Auf der Sachebene bedeutet „Das ist mir zu teuer!“ ganz einfach: „Ich halte den Preis für die angebotene Leistung nicht für angemessen“.
Sprich: Der Kunde WILL diesen Preis nicht bezahlen.

Was Sie tun können: Verdeutlichen Sie dem Kunden erneut den Wert des Produkts. Das tun Sie am effektivsten, wenn Sie ihm aufzeigen, welches seiner konkreten Probleme das Produkt löst.

2. Die Selbstaussage

Als Selbstaussage bedeutet „Das ist mir zu teuer!“ tatsächlich das, was man im ersten Moment vermutet: Der Kunde hat nicht genug Budget für die Anschaffung.

Sprich: Der Kunde KANN diesen Preis nicht bezahlen.
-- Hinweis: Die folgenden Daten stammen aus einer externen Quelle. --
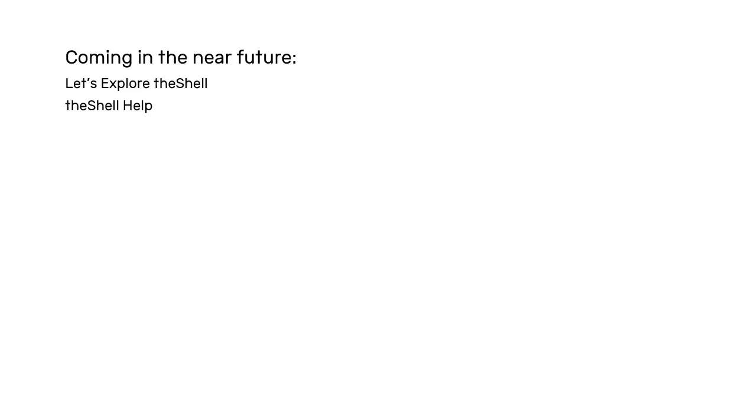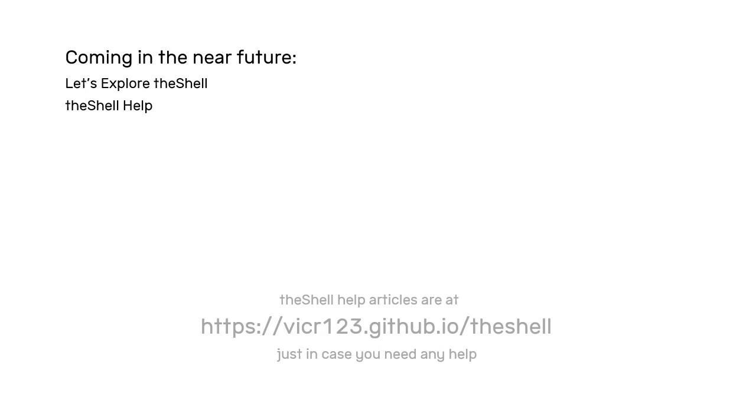Also coming on the channel, you'll probably see a lot of help videos on the Shell. So these will be videos that will be linked from the Shell documentation.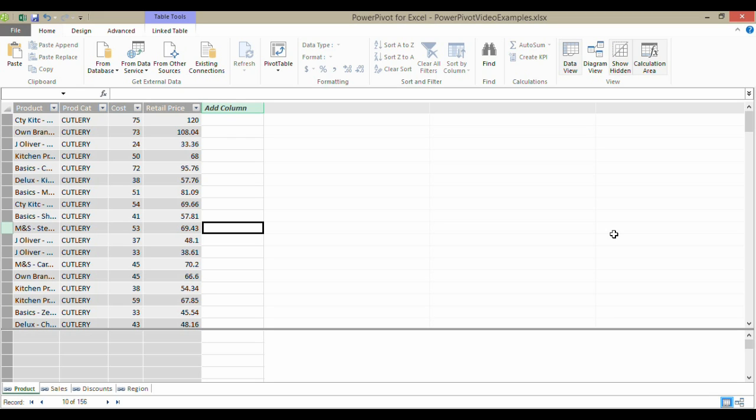Hi, it's Chester Tugwell at Blue Pecan Computer Training. In this video, we're going to look at how to create relationships between tables within the PowerPivot add-in.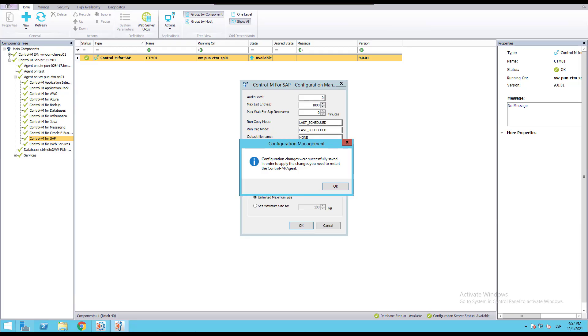After changing the value we'll get a pop-up explaining we need to restart the Control-M agent, but for this parameter is not really needed.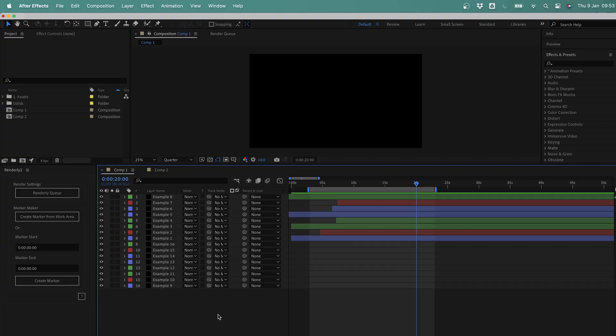Hey, Tom here from Made by Loop, and in this video I'm going to run through Renderly 2, a brand new way for you to manage your renders in After Effects. So let's jump in and see how it all works.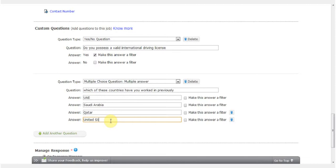Now I can specify filters on these answers. For example, I want candidates who have either worked in UAE or Qatar. Now all candidates who answer either UAE or Qatar will be automatically directed to my inbox.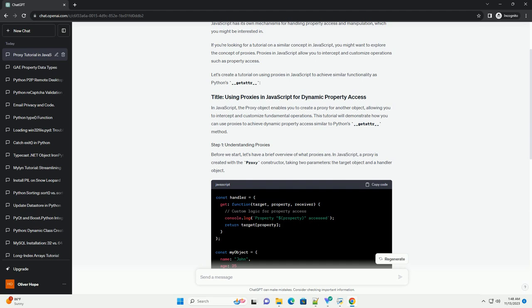In JavaScript, the proxy object enables you to create a proxy for another object, allowing you to intercept and customize fundamental operations. This tutorial will demonstrate how you can use proxies to achieve dynamic property access similar to Python's __getitem__ method.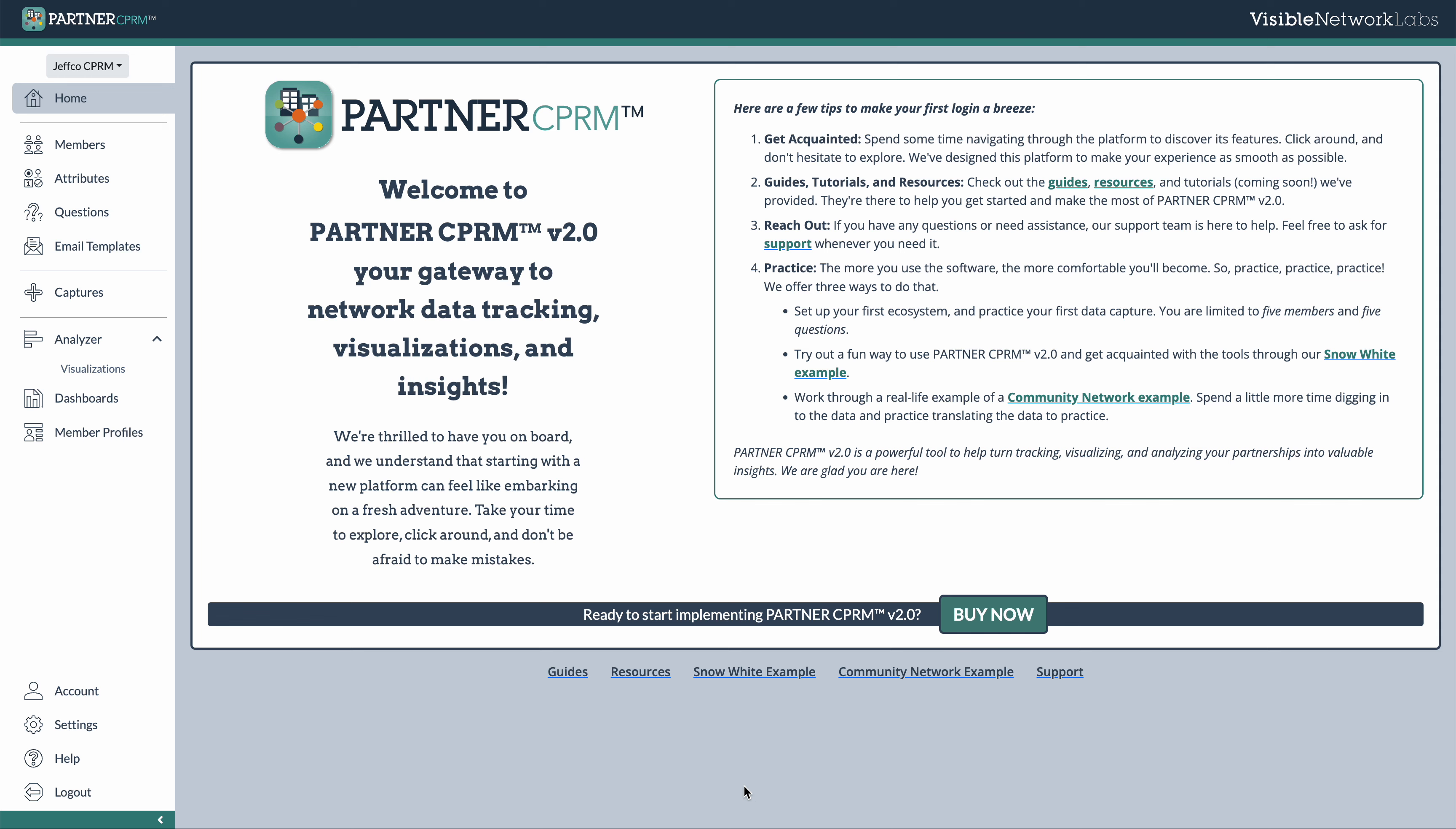Welcome to this quick tour of the Partner CPRM platform. When you first log in to Partner, you will come to this home page, which has a few helpful links to get around.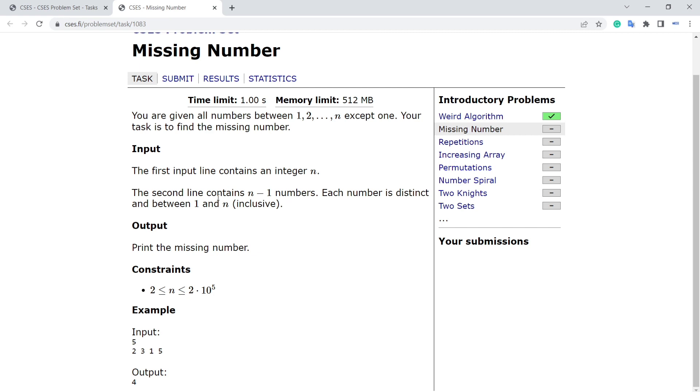In O(n) you can solve using bitwise operations. You know that every number will occur once except one number. So what you can do is take input of those n minus 1 numbers and XOR them, and XOR with 1 to n numbers.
Was Sie tun können: Zeigen Sie dem Kunden auf, dass das Produkt es wert ist, andere Ausgaben dafür einzuschränken – möglicherweise, weil es andere Kosten überflüssig macht.     
Überlegen Sie, wie Sie günstige Zahlungskonditionen anbieten können. Den Preis sollten Sie nur im Notfall antasten – schließlich ist Ihr Produkt jeden Cent wert, oder?

3. Die Beziehungsebene

Steht dagegen die Beziehungsebene im Vordergrund, kann „Das ist mir zu teuer!“ bedeuten, dass der Kunde Ihnen einfach kein ausreichendes Vertrauen schenkt und Ihnen deswegen den Auftrag nicht erteilen will.
Sprich: Ich will IHNEN diesen Preis nicht bezahlen.
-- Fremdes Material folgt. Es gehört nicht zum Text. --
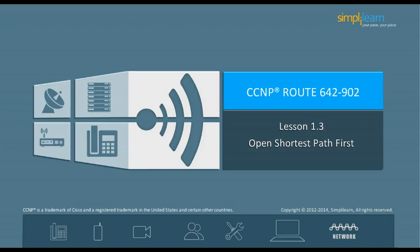Hello, and welcome to the CCNP Routing and Switching course offered by Simply Learn. In the previous lesson, we focused on EIGRP. In this lesson, we will look into Open Shortest Path First, OSPF.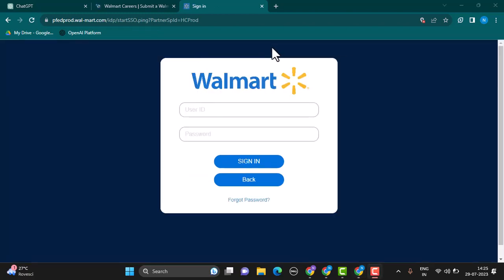If you're unable to log in, you can simply tap on the link that says 'forgot password' which is right at the bottom, and then you'll be able to recover your account.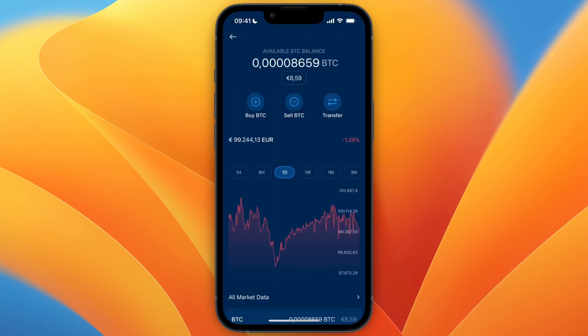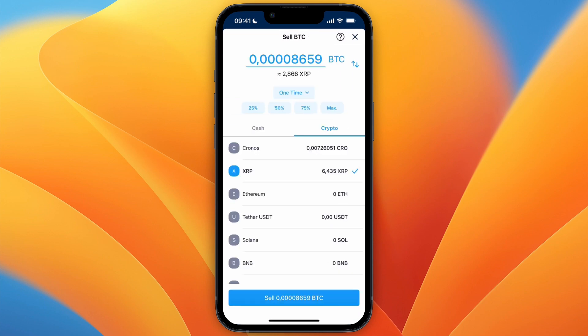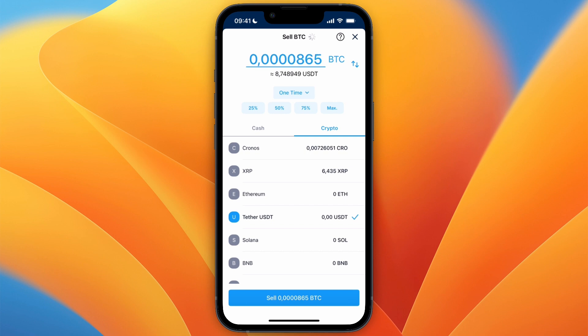Then here, just click sell BTC. And then in terms of what to sell it for, select crypto and then select tether USDT. So after it's set to that, then at the top, choose how much you would like to sell. I'll just do max and then click sell, however much it says for you at the bottom.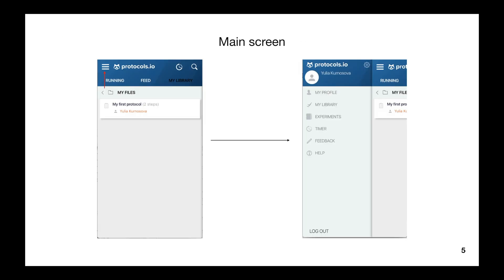After login, you will be taken to the main screen. At the top left corner, you see a button which opens the side menu. The side menu can also be opened by swiping from the left side to the right edge of the screen. The side menu allows you to navigate through different modules of the app. You can leave feedback, use the timers tool, check your profile, or change your personal file.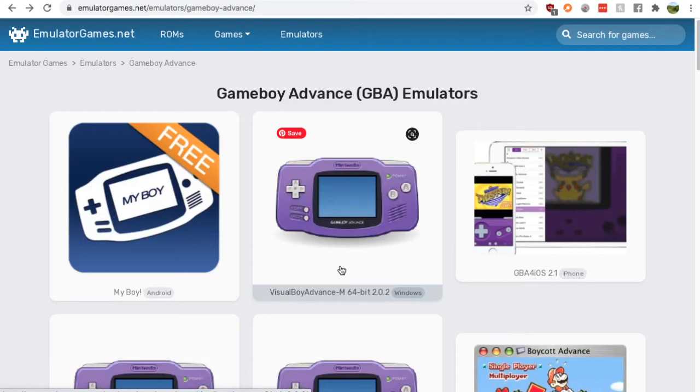Hey guys, this is Nick from RetroGamesHQ and today I'm showing you where to find a Game Boy Advance emulator for your Linux.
Was Sie tun können: Vor allem sollten Sie dieses mangelnde Vertrauen nicht persönlich nehmen. Fragen Sie stattdessen gelassen: „Warum empfinden Sie das Angebot als zu teuer? Was genau ist zu teuer?“

Sie bieten mit diesen Fragen dem Kunden Raum, sich zu erklären. Außerdem zeigen Sie so ein offenes Ohr für seine Belange und Anliegen und schaffen eine Vertrauensbasis.     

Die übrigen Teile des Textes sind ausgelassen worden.